Chris - Is this lives lost, productivity lost, infection control mechanisms in hospital - is that where the money's going?

Nick - All of the above really. So, just to give two examples, if we don't have antibiotics to treat infections in patients with cancer who are having chemotherapy, then we might not be able to treat the infections that these patients have and they may not survive their treatment.

Likewise, if we can't do hip replacements without patients getting infections that can be treated, then why do the hip replacement, and then people can't go to work. So all sorts of effects and these estimate try to take all those into account.

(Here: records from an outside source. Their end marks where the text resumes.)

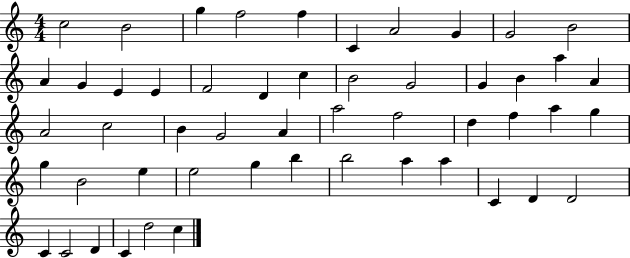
{
  \clef treble
  \numericTimeSignature
  \time 4/4
  \key c \major
  c''2 b'2 | g''4 f''2 f''4 | c'4 a'2 g'4 | g'2 b'2 | \break a'4 g'4 e'4 e'4 | f'2 d'4 c''4 | b'2 g'2 | g'4 b'4 a''4 a'4 | \break a'2 c''2 | b'4 g'2 a'4 | a''2 f''2 | d''4 f''4 a''4 g''4 | \break g''4 b'2 e''4 | e''2 g''4 b''4 | b''2 a''4 a''4 | c'4 d'4 d'2 | \break c'4 c'2 d'4 | c'4 d''2 c''4 | \bar "|."
}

Chris - We made antibiotics in the first place. We've had plenty so far, it's only now become a problem when we're better technologically endowed than we have ever been. So why don't we just make new antibiotic molecules?

Nick - There really has been a dearth of new antibiotic development in the last twenty years or so, and think this has really crept up on us. We're really used to simply replacing an antibiotic with another one when we can't use it any more because of resistance. but now there just aren't any left. It takes a long time to develop an antibiotic and, in recent years, a lot of the big pharmaceutical companies have decided that this really isn't an economic field or market that they want to be in.

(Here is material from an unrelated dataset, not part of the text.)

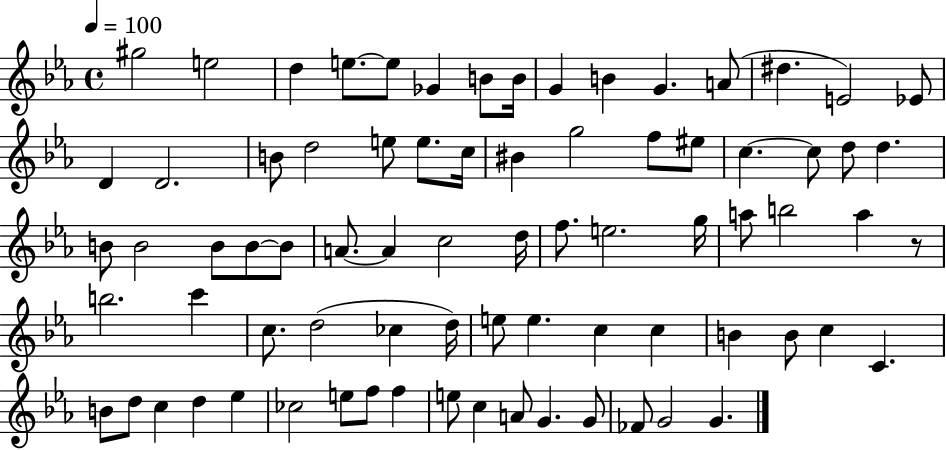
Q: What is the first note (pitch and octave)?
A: G#5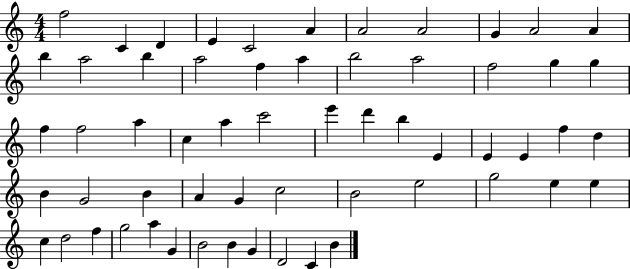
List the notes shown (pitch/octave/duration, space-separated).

F5/h C4/q D4/q E4/q C4/h A4/q A4/h A4/h G4/q A4/h A4/q B5/q A5/h B5/q A5/h F5/q A5/q B5/h A5/h F5/h G5/q G5/q F5/q F5/h A5/q C5/q A5/q C6/h E6/q D6/q B5/q E4/q E4/q E4/q F5/q D5/q B4/q G4/h B4/q A4/q G4/q C5/h B4/h E5/h G5/h E5/q E5/q C5/q D5/h F5/q G5/h A5/q G4/q B4/h B4/q G4/q D4/h C4/q B4/q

Chris - Is that because there's a real risk your drug is going to quickly develop resistance, therefore you might not make your money back so much better to go for conditions like high blood pressure, stomach ulcers because people will be on your tablets for years and you'll make lots of money?

Nick, Absolutely, yeah.

Chris - Shouldn't the government step in then?

Nick - It's something that is being debated at the moment internationally. Is antibiotic resistance a public health issue, not something that should be governed by a market?

Chris - Now why is this happening at all in the sense that if you look at the pre-antibiotic era, before we knew about antibiotics, before we even knew that bacteria caused things like tuberculosis, death rates in London, for example, in the 1800s were plummeting? People were living much longer and they weren't dying of these infections, so why is this happening now, can't we just live a cleaner life?

Nick - I agree with you. I think that living a cleaner life helps prevent infection. I think improved hygiene is an integral part to the control of antibiotic resistance. If we look to developing countries where some of the hygiene standards available, sewers, clean drinking water, etc. is not so good, then these are hotbeds for the spread of antibiotic resistance because the prevalence of infection in these areas is so high. We do have to do something worldwide to improve the situation and that will help us not control, but to keep antibiotics sustainable into the future. I think we'll need to learn how to use or treat antibiotics as a scarce resource.

Chris - China aren't doing that are they? The Lancet published a paper last year showing twelve and half thousand tons of colistin, an antibiotic of last resort here in the UK for certain infections, and they give it to farm animals.

Nick - Which is why it is so important that we emphasise that this is a true what is called a "one health" issue. That it's not just antibiotic use in humans but also in agriculture and in the environment as well.